Aim of the exercise -> Take each line of the material that includes "Classic" and copy it.
--- Records for this exercise ---
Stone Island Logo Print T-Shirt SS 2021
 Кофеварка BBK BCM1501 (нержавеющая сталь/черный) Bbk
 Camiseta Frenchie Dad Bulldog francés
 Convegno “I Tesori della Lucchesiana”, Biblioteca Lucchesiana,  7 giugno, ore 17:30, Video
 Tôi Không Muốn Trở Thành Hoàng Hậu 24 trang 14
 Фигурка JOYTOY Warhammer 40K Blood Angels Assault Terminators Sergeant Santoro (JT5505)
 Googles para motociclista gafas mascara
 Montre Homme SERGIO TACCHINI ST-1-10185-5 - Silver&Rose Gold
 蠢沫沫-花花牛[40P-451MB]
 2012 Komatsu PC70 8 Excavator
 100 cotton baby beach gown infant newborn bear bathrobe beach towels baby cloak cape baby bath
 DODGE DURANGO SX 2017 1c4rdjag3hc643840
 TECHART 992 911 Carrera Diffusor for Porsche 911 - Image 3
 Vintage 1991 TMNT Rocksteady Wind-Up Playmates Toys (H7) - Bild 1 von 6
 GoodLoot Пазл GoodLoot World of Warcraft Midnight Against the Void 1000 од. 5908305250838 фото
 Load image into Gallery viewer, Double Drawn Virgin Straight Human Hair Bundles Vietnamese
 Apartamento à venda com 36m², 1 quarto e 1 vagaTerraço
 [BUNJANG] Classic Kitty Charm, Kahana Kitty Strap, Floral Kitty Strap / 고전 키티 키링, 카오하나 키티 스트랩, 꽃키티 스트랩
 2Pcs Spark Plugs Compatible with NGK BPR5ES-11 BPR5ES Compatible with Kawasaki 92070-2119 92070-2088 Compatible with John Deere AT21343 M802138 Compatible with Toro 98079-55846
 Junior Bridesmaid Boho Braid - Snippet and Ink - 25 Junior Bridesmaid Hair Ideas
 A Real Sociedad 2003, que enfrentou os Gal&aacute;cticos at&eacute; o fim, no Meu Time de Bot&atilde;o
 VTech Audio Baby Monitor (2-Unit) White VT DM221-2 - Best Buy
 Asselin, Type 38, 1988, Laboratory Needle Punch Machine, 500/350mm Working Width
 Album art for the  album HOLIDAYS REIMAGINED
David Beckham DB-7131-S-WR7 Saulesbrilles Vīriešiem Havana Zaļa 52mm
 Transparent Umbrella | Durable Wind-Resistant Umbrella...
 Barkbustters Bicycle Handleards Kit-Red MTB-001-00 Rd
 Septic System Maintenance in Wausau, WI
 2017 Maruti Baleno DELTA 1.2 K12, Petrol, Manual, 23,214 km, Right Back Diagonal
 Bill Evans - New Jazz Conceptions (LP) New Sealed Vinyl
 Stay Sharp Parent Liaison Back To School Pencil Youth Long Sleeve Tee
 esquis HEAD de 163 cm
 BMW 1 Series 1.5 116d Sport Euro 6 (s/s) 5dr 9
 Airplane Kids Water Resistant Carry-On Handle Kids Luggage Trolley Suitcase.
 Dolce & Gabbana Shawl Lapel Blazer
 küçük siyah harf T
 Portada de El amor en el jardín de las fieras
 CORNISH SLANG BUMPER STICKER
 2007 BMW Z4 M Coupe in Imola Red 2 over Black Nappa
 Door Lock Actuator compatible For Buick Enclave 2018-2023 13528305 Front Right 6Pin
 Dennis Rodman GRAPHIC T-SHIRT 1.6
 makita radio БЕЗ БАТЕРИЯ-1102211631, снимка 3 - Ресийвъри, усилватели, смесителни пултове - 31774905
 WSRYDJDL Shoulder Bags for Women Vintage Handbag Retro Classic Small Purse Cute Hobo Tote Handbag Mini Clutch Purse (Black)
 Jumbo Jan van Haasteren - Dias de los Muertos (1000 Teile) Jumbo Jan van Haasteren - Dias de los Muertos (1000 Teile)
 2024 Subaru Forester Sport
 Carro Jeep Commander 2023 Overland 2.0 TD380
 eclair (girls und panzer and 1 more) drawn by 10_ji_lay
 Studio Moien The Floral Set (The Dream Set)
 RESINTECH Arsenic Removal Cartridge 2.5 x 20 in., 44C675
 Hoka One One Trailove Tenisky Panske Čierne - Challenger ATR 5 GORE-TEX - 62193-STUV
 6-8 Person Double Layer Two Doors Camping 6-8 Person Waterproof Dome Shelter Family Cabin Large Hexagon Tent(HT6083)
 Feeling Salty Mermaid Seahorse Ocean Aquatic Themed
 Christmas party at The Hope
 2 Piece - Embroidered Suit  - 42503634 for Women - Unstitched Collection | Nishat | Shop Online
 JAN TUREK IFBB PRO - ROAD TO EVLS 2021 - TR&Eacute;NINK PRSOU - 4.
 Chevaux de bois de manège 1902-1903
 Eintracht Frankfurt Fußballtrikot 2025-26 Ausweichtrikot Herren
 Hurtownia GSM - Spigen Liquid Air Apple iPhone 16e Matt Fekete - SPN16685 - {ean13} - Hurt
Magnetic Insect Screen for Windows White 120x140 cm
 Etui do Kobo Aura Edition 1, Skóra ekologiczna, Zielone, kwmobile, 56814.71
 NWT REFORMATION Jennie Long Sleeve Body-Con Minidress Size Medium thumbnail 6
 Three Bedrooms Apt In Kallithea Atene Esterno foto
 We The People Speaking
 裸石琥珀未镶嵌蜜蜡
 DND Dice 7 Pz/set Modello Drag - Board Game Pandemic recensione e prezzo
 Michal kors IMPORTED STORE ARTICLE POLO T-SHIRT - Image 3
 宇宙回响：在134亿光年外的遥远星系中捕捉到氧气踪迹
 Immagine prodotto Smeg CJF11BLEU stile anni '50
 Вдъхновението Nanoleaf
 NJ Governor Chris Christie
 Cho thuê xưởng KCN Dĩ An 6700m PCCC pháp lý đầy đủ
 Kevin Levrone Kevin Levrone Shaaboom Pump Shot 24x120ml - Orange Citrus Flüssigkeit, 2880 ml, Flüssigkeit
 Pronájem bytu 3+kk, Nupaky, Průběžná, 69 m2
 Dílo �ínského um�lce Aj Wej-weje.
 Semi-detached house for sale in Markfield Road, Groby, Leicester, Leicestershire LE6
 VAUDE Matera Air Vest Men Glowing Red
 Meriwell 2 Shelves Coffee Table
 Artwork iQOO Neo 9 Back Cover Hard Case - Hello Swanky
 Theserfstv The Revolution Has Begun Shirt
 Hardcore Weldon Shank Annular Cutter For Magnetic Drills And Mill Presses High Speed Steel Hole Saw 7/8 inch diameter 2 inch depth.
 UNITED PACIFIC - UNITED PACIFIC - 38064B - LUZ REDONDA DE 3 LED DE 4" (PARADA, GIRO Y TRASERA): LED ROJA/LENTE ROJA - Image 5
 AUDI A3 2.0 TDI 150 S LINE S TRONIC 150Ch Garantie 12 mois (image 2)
---
Your response ->
 [BUNJANG] Classic Kitty Charm, Kahana Kitty Strap, Floral Kitty Strap / 고전 키티 키링, 카오하나 키티 스트랩, 꽃키티 스트랩
 WSRYDJDL Shoulder Bags for Women Vintage Handbag Retro Classic Small Purse Cute Hobo Tote Handbag Mini Clutch Purse (Black)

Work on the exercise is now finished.